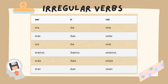In the imperfect tense, there are only three irregular verbs that you need to memorize. Those are ser, ir, and ver. These are irregular verbs and they do not follow the regular conjugation pattern, so you just have to memorize them.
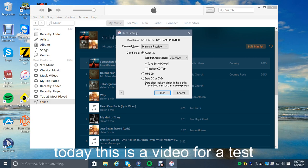Use Soundcheck — Soundcheck basically levels out all of the songs on the CD so they play at the same volume. There's also 'Include CD Text' — I don't know what that does, but I won't check it.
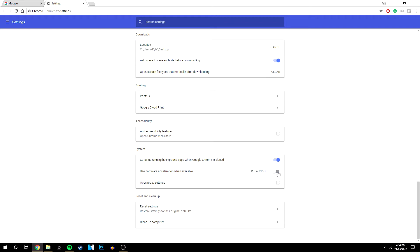So you want to uncheck this so it's grey and then you want to click relaunch. Google Chrome will then relaunch without the use of hardware acceleration.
**********
▶ Activity
Return the material word for word, images omitted.

▶ Exercise solution
In the imperfect tense, there are only three irregular verbs that you need to memorize. Those are ser, ir, and ver. These are irregular verbs and they do not follow the regular conjugation pattern, so you just have to memorize them.
Use Soundcheck — Soundcheck basically levels out all of the songs on the CD so they play at the same volume. There's also 'Include CD Text' — I don't know what that does, but I won't check it.
So you want to uncheck this so it's grey and then you want to click relaunch. Google Chrome will then relaunch without the use of hardware acceleration.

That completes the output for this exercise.